Bununla birlikte, sosyal medya, beslenme alışkanlıklarımızı yönlendirmede de büyük bir güç hâline geldi. Bir dönem “glutensiz beslenme” çılgınlığı vardı, sonra detoks suları, ardından aralıklı oruç… Bütün bu beslenme akımları, bilimsel dayanakları olup olmadığı sorgulanmadan, adeta bir moda gibi yayılıyor.

Bazı insanlar bu trendleri sağlıklı bir şekilde benimseyip fayda görürken, bazıları için bu süreç yeme bozukluklarına giden bir kapıyı aralıyor. Çünkü beslenmenin bir kimlik hâline gelmesi ve “iyi” ya da “kötü” yiyecekler ayrımına gidilmesi, kişileri aşırı kısıtlamalara ya da suçluluk duygusuna sürükleyebiliyor. “Temiz beslenme” gibi görünen masum bir akım, bir süre sonra ortoreksiya adı verilen, sağlıklı beslenme takıntısı hâline dönüşebiliyor.

Yeme bozukluklarını tetikleyen bir alan: “Fitspiration” ve “What I eat in a day”

Sosyal medyada en çok tüketilen içeriklerden biri de “günlük beslenme” videoları. Takip ettiğimiz bir influencer, “gün boyunca sadece bir smoothie, birkaç badem ve bir avokado yediğini” söylediğinde, bunu normalleştirebiliyoruz. Oysa her bedenin farklı ihtiyaçları var ve bu tür içerikler, kişinin yetersiz beslenmesine neden olabilecek yanlış algılar yaratabiliyor.

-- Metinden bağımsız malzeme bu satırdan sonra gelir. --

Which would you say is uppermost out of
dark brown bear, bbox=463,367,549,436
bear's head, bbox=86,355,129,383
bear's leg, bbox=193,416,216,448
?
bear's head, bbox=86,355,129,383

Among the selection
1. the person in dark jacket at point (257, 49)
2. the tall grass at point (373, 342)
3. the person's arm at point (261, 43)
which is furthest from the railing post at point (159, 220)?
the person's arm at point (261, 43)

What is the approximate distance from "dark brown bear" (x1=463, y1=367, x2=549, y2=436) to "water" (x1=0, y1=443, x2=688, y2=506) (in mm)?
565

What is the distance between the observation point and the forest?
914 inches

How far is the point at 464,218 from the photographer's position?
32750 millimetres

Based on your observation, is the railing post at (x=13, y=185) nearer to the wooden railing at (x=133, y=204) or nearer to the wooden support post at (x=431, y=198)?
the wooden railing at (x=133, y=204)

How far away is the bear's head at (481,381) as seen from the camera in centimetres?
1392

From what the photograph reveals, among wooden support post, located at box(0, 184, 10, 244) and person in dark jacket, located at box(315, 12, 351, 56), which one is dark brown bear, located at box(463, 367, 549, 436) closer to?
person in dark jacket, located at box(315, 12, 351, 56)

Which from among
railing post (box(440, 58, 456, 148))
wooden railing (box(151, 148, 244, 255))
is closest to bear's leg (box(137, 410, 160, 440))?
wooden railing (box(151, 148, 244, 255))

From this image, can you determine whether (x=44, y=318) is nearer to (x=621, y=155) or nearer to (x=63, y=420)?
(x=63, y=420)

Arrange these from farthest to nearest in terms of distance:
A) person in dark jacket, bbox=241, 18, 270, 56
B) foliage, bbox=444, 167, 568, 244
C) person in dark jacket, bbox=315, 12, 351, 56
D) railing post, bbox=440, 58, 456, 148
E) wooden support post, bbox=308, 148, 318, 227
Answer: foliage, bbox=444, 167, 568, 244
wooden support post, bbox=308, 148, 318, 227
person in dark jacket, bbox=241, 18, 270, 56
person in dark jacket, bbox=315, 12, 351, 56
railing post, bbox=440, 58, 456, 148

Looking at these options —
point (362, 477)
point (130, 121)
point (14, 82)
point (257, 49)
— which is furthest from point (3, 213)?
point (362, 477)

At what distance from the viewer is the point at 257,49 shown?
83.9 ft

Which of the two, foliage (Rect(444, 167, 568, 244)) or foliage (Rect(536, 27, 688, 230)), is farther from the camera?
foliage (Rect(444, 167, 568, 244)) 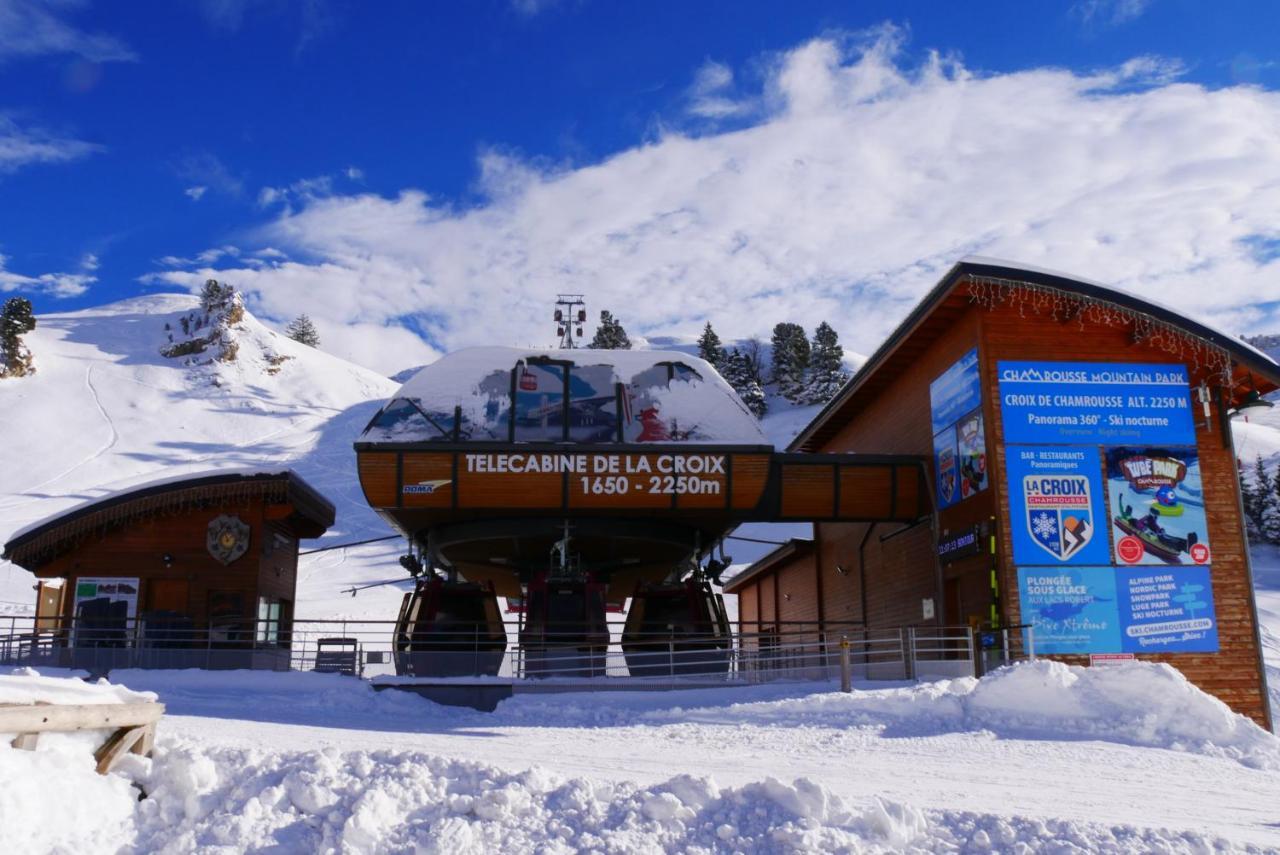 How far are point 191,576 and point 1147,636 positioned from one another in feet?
63.6

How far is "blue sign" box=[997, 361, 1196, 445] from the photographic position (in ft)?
Answer: 64.9

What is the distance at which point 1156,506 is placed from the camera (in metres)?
19.7

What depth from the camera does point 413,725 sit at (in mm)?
15180

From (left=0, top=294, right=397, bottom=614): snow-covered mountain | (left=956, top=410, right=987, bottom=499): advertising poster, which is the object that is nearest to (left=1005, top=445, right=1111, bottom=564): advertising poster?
(left=956, top=410, right=987, bottom=499): advertising poster

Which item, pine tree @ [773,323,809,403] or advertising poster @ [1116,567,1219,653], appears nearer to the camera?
advertising poster @ [1116,567,1219,653]

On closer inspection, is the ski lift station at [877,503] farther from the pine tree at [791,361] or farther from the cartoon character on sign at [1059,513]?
the pine tree at [791,361]

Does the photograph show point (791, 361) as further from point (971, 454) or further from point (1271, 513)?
point (971, 454)

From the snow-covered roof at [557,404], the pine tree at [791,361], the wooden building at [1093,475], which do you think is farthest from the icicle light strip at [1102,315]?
the pine tree at [791,361]

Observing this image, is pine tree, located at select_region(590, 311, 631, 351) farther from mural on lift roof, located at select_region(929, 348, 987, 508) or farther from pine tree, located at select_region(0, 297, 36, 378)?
mural on lift roof, located at select_region(929, 348, 987, 508)

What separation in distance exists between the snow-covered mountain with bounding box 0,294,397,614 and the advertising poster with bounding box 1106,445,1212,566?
144 ft

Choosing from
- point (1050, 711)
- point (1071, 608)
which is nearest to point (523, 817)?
point (1050, 711)

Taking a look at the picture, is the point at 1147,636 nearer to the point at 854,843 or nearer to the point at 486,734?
the point at 486,734

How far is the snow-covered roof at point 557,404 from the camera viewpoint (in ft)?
75.5

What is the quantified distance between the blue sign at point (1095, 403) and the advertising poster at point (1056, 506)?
13.7 inches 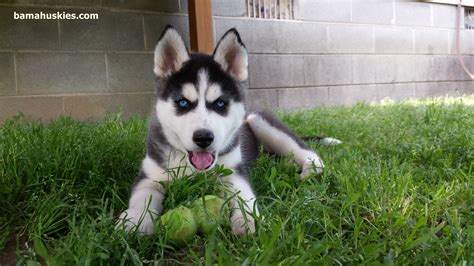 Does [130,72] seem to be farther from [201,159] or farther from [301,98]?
[201,159]

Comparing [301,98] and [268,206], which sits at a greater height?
[301,98]

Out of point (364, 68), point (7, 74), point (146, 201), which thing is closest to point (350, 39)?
point (364, 68)

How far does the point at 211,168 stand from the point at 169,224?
1.89 feet

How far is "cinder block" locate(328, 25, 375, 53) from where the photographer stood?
7391 mm

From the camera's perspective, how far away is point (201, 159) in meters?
2.25

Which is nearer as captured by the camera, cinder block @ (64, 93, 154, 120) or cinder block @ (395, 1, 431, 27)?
cinder block @ (64, 93, 154, 120)

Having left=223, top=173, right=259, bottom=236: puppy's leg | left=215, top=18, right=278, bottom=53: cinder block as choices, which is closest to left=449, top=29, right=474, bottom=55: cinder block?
left=215, top=18, right=278, bottom=53: cinder block

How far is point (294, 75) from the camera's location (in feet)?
22.7

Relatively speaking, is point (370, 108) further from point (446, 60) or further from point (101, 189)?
point (101, 189)

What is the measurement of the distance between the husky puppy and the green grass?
0.35ft

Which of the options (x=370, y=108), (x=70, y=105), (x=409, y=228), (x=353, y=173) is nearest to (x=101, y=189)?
(x=353, y=173)

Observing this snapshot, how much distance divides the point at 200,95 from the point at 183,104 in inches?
4.0

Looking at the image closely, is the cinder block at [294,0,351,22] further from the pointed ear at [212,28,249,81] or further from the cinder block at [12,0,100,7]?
the pointed ear at [212,28,249,81]

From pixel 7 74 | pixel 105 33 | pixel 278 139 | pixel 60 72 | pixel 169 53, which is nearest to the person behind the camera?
pixel 169 53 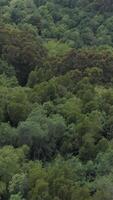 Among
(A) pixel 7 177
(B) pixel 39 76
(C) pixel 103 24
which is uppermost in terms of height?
(A) pixel 7 177

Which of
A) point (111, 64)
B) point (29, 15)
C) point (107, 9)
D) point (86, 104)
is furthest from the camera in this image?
point (107, 9)

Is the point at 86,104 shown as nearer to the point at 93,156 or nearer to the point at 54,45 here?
the point at 93,156

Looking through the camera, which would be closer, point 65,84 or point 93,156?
point 93,156

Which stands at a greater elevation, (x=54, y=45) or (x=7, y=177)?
(x=7, y=177)

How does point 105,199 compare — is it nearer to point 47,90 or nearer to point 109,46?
point 47,90

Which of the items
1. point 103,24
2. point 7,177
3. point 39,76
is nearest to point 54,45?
point 103,24

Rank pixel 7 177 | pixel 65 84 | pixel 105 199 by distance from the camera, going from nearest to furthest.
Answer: pixel 105 199
pixel 7 177
pixel 65 84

“Fitspiration” yani fitness ve ilham kelimelerinin birleşiminden doğan bu içerikler, bazen insanları sağlıklı yaşam konusunda motive edebilirken bazen de “yeterince iyi değilim” duygusunu tetikleyebiliyor. Özellikle yeme bozukluklarına yatkın bireyler, bu içerikler nedeniyle takıntılı bir şekilde kalori saymaya, sürekli diyet yapmaya ya da aşırı egzersiz yapmaya yönelebiliyorlar.

Bilinçli bir kullanıcı olmak mümkün mü?

Peki, bu kadar güçlü bir mecra karşısında ne yapabiliriz? Öncelikle farkında olmak çok önemli. Sosyal medyada gördüğümüz her şeyin gerçek olmadığını, insanların yalnızca “paylaşmaya değer buldukları” anları gösterdiğini kendimize hatırlatmalıyız.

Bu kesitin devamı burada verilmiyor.